Est-ce qu'à se nourrir de plats tout prêts, on en oublierait pas comment cuisiner?
Et pourtant, je suis une bonne grosse nerd qui aime les écrans, l'internet, les films et les (super-)héros, et j'encourage toutes les générations à découvrir tout ça, et à jouer. Mais j'en reviens encore à ce fichu mémoire, et je me dis qu'il faudrait quand même donner de la nourriture à ces petits cerveaux. Parce qu'ils y tiennent, à leur petit rituel de lecture le midi. Et s'il y en avait un le soir, je pense qu'il ne serait pas de refus. 

" Mais la lecture à haute voix, c'est aussi un plat tout prêt, non?"
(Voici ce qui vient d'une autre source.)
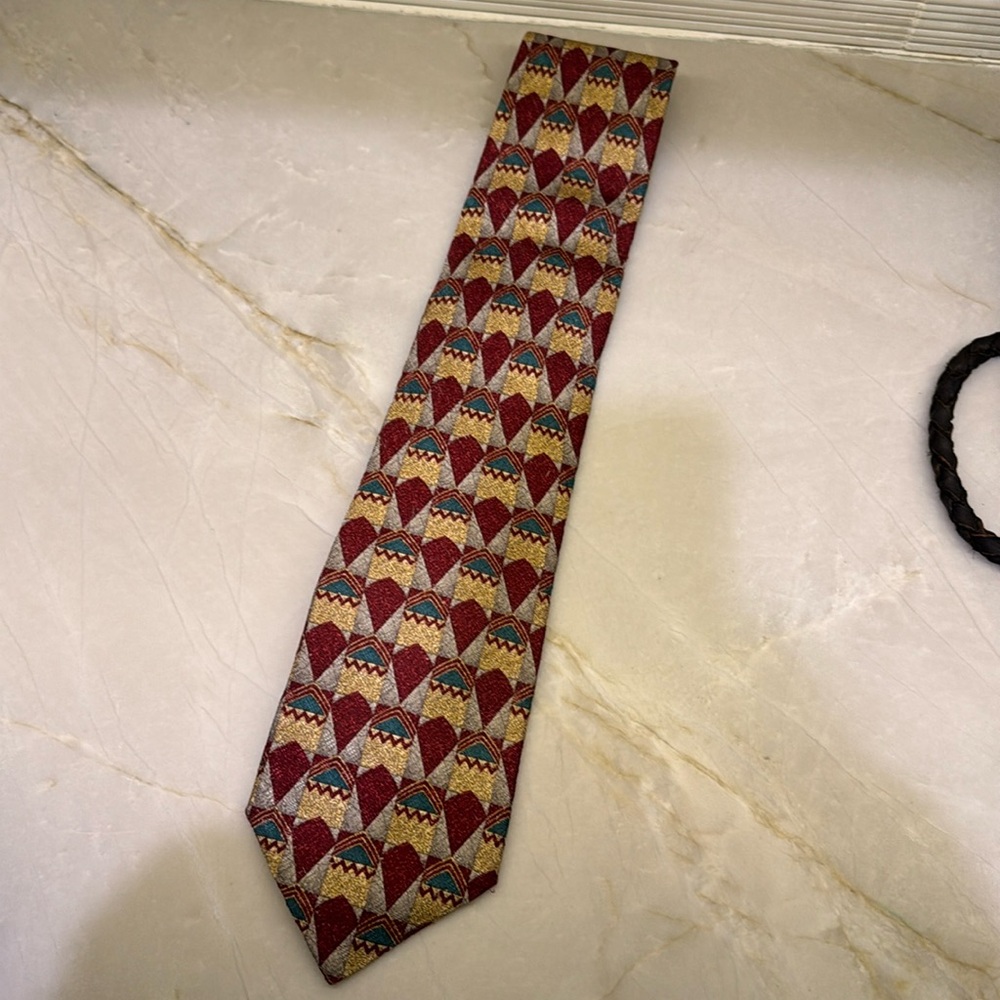 Zegna tie
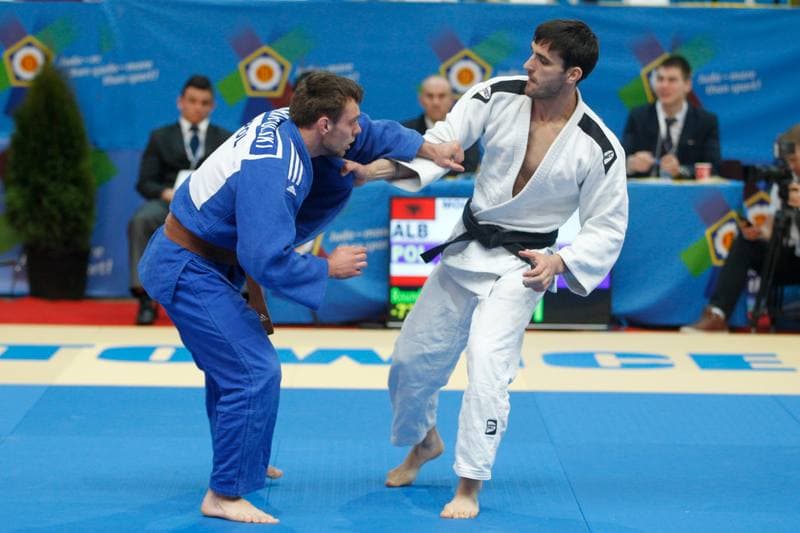 Judo. World Judo Tour. Pawel Zagrodnik - . 04.03.2017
Alors, oui mais non. Certes, nous tendons l'histoire sur un plateau. Mais on est sur un plan radicalement différent. Un enfant qui lit est à 80% dans la lecture pure, c'est à dire le décodage, il "défait les lacets" pour obtenir une suite logique dans sa tête, et 20% dans l'imagination. Un enfant à qui on lit n'a pas à fournir ce travail de décodage (qu'il fournit soit dit en passant à chaque instant à partir du moment où il combine les sons), et cette lecture est donc à 90% dédiées à l'imagination, à la compréhension et à la conceptualisation (j'accorde les 10% restants au sommeil et au temps avec le lecteur). Du coup, non, ce n'est pas un plat tout prêt, très loin de là. 

* Petite question qui concerne l'autorité... Quelle serait l'importance de l'implication relationnelle dans la création de l'autorité? Je me demande si, en lien avec cette histoire d'instants de lecture, l'autorité ne découlerait pas aussi de cette possibilité d'accorder des instants rituels. Ou de la mise en œuvre de possibilités d'accorder ces instants. Mh, en fait, non, je ne me le demande pas, j'ai ma réponse. 



La bise.

1 commentaire:

Lexxie a dit…

Amen. L'album/le livre est un super super important dans mes rééducs et je suis complètement d'accord avec toi. Je vois l'influence des écrans, le manque de temps des parents, et sans jugement aucun, je peux comprendre que ça ne soit pas toujours facile, mais effectivement on peut observer les conséquences sur les enfants.